As the snow begins its accumulation in the mountains, most of us stop fretting over how much water will be available for the coming year. Snowpack stands as a fairly reliable yardstick to measure what conditions the summer will bring. Of course, for quite a few years not much of the white stuff has reached the ground in Cortez. That’s why we stare at the mountains, as if pure longing could bring the snow to town.

And that’s also why last December (three days before Christmas) my wife and I became anxious, but it wasn’t mountains that piqued our interest. No, the Montezuma Water Company informed us that our meter reading increased from the usual 6,000 gallons per month to over 17,000 gallons.

Naturally, we raised our eyebrows at such a wanton waste o f water. I mean, this was considerably more than our recommended eight glasses of water per day. If sugarplum fairies are said to flit around during the Christmas season, I can assure you that plumbers do not. Exactly two years before this water problem, we replaced a defective frostfree pump at the corner of our house. By “we” I mean that I called a plumber. And the best advice I can offer about finding a good plumber is that a plumber’s penchant for the size of his ad in the Yellow Pages does not always amount to a passion for pipes.

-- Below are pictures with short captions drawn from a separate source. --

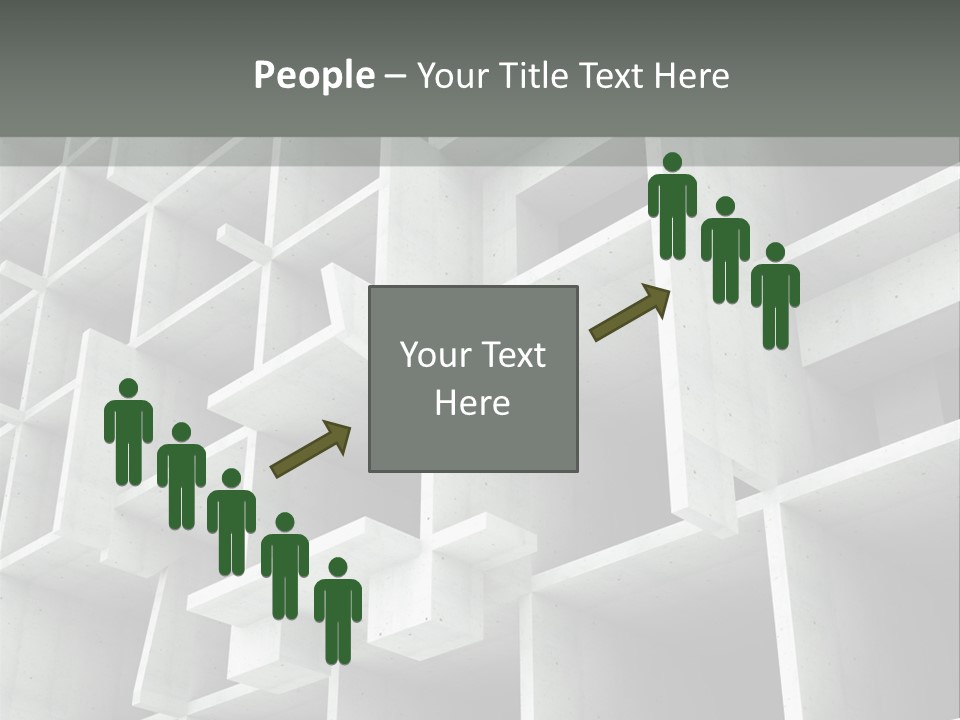 Unfinished Blocks Empty PowerPoint Template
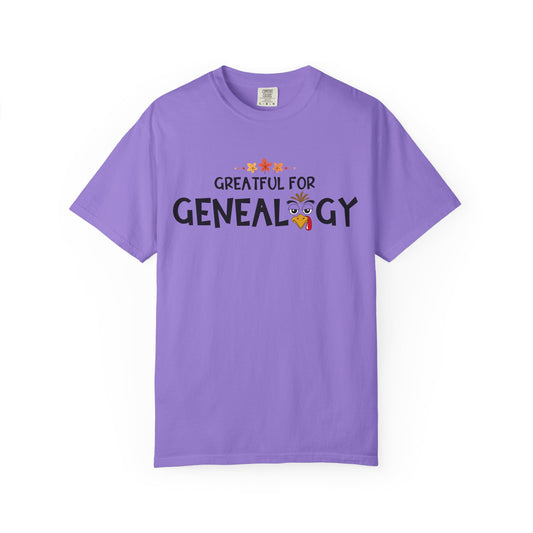 Grateful for Genealogy Thanksgiving Tshirt Gift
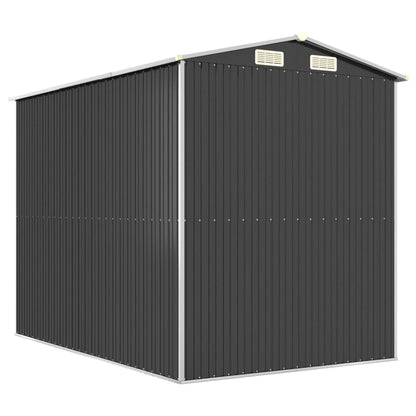 vidaXL Garden Shed Anthracite 192x274x223 cm Galvanised Steel 6
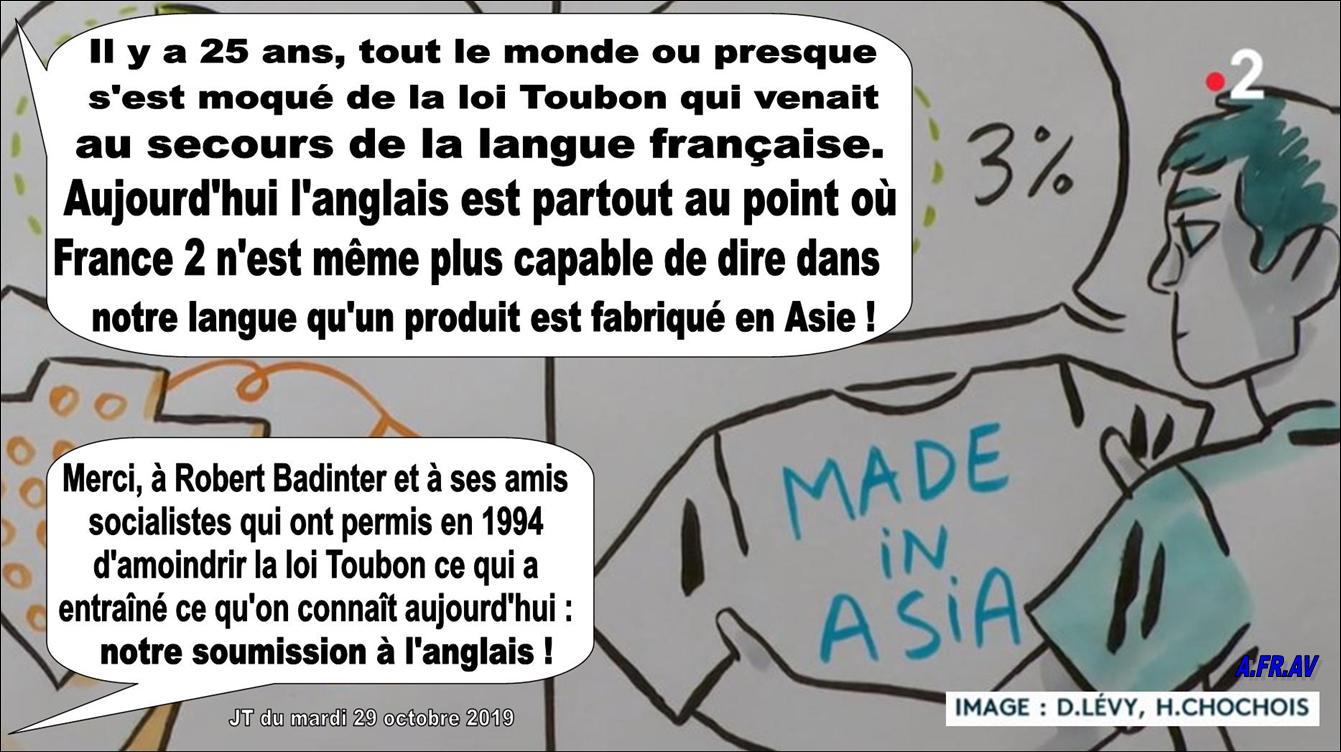 La Loi Toubon ,Héloïse Chochois et le JT de 20h de France 2
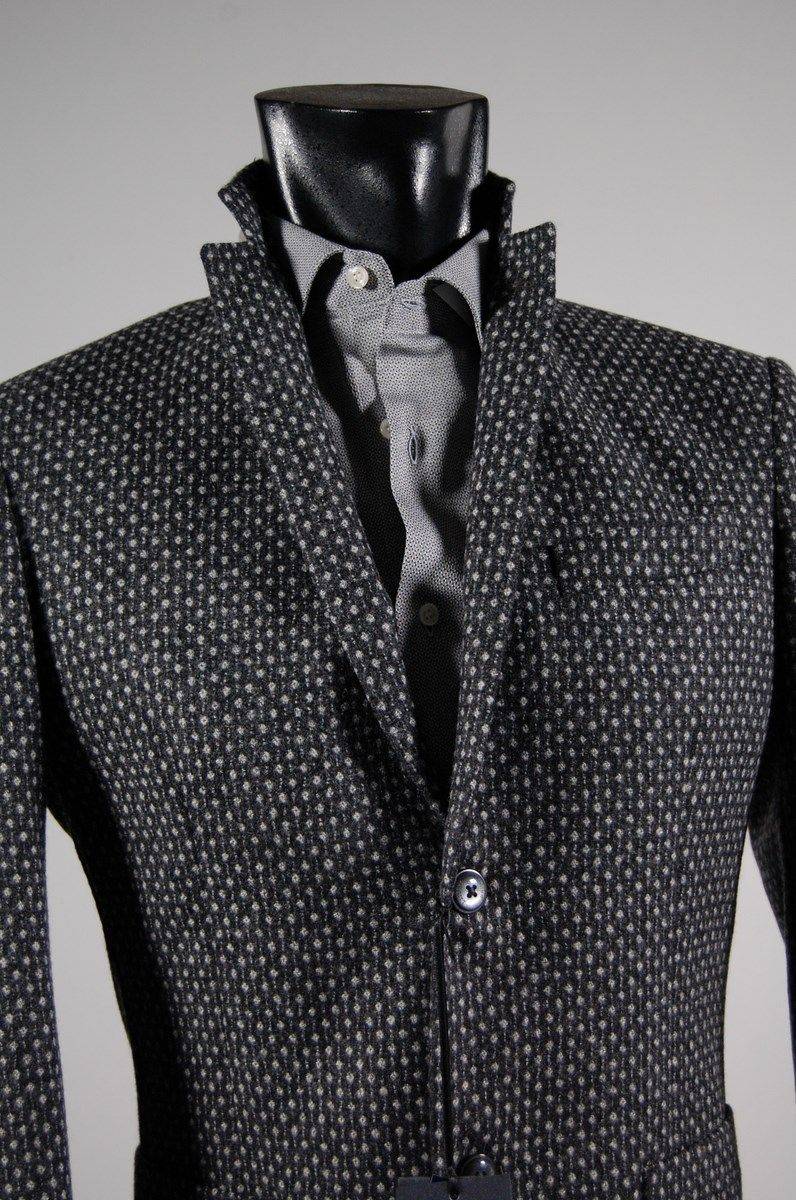 John Barritt Giacca slim fit john barritt grigia lana cashmere 2025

The plumber I’m referring to arrived two days after my call and offered to replace the pump once we had excavated the earth that surrounded it. For those of you who struggle like I do to understand plumber’s talk, the “we” he used didn’t include him either. At the time I mistakenly concluded he was offering us a chance to save money through an informal apprenticeship. I also supposed he had some last-minute Christmas shopping to finish and like Scrooge I had called him to work while he should have been home with his family. As he drove away for supplies, I grabbed my shovel and started digging.

I still can’t explain why I phoned the same plumber two years later after the water company called. Maybe I thought he’d remember us, be prompt, reasonable, and above all, arrive filled with goodwill for the work I’d done the last time he showed up so close to the holidays.

After peeking under the house, walking around the yard, and concluding that he didn’t see any spot where the waterline might be broken, he told us that if we figured out where the leak actually was, to be sure to call him, as he’d do the work “real cheap.” Then he handed us a bill for his standard $50 consultation fee and wished us a Merry Christmas.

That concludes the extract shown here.